Sem dúvida é difícil, mas a experiência de anos desenvolvendo este tipo de trabalho, desenvolvendo critérios que aguçam de alguma forma este tipo de percepção, nos faz ir direto ao ponto e buscar no cerne das pessoas que se apresentam, exatamente aquilo que precisamos extrair delas nesse primeiro encontro.
Logicamente, não há receita de bolo e erros acontecem. Alguns de fato aparentam o que não são. Alguns se tornam grandes decepções e, na mesma proporção, outros são gratas surpresas.
Entretanto, conversando com esse casal que, nem de longe, corresponde ao “perfil” normal dos candidatos que normalmente se apresentam interessados em adquirir um negócio e o know how de outrem, encontrei duas pessoas bem formadas e profundas conhecedoras do mercado que pretendem ingressar.
Não necessariamente do segmento da rede que estão se candidatando, mas sim do mercado de franquia como um todo. A certa altura me confidenciaram já terem se aventurado na condição de master franqueados regionais de uma rede que, infelizmente, passou longe de ser uma experiência de sucesso.
Fora toda a conversa que foi muito agradável e extremamente proveitosa para o feedback que a franqueadora espera de mim, não pude deixar de aproveitar também a experiência que aquelas pessoas tinham a me oferecer.
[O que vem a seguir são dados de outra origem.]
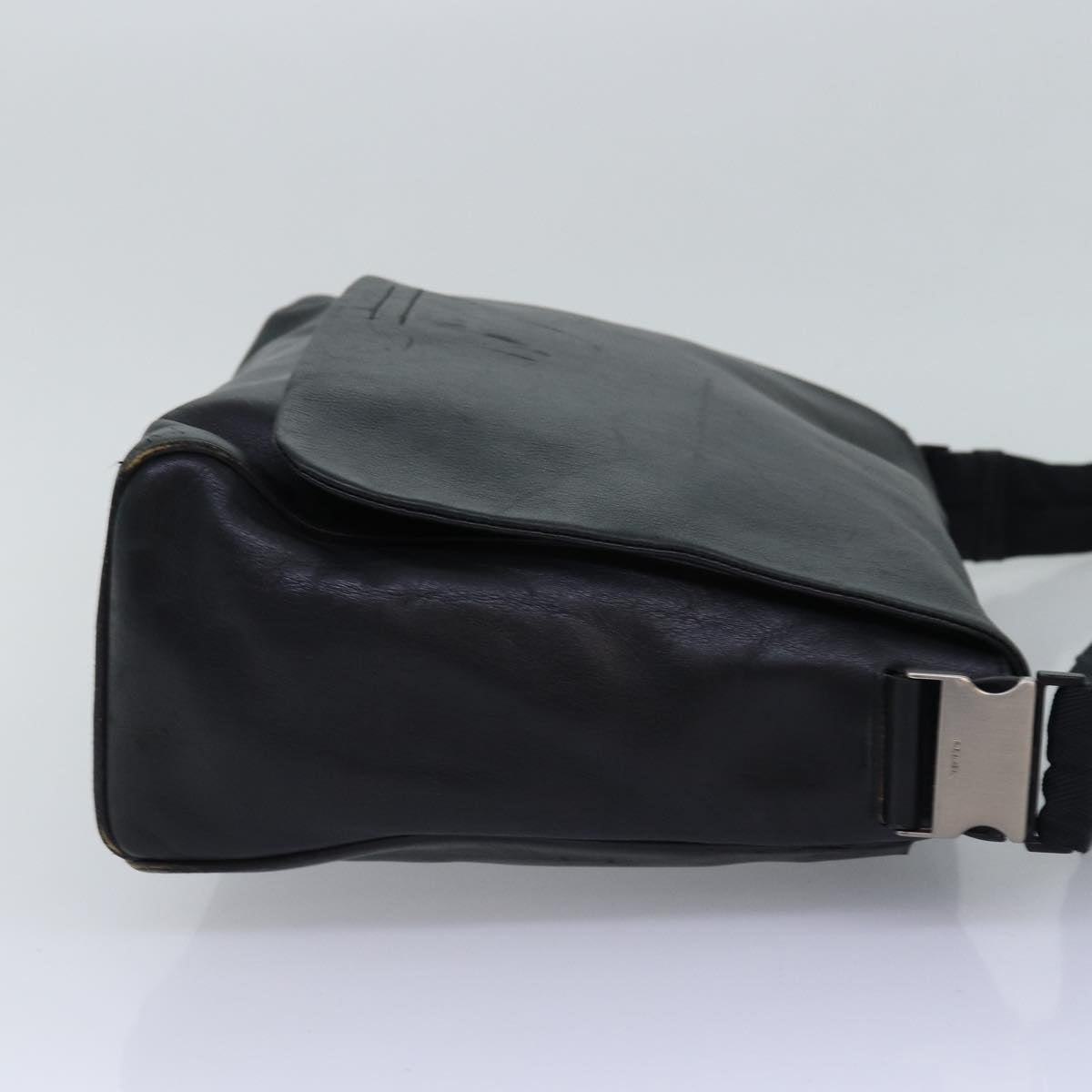 Luxury PradaShoulder Bag Leather Black bs14610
Aliás, diariamente procuro fazer isso. Procuro extrair de todas as oportunidades que se apresentam algum tipo de experiência, seja ela boa ou ruim. E nesse mercado de franquias se lida com vários tipos de pessoas, com vivências e pensamentos diferentes e, obviamente, sempre se tem muito a aprender.
Em especial nesse encontro, o que me chamou a atenção foi o conceito que eles têm de negócios. Segundo eles, existem atividades que são “investimento intenso”. Ou seja, atividades nas quais o cerne do sucesso está no investimento, no capital, dinheiro aplicado e no retorno que ele pode dar. Só se contabiliza isso, só se conta com isso. São as atividades que independem da qualidade dos seres humanos envolvidos e que têm a ver com mercado, com oferta e procura, com variações de moeda etc.
Outros negócios, com os quais confesso que me identifico mais, até pelo trabalho que desenvolvo, eles denominaram como “ética intensa”, onde ao contrário do outro, é ela que vai determinar, no fim das contas, o sucesso ou não do investimento. Ou seja, embora da mesma forma haja a necessidade de aporte financeiro e claro expectativa de seu retorno, é a ética da contratação que fará toda a diferença.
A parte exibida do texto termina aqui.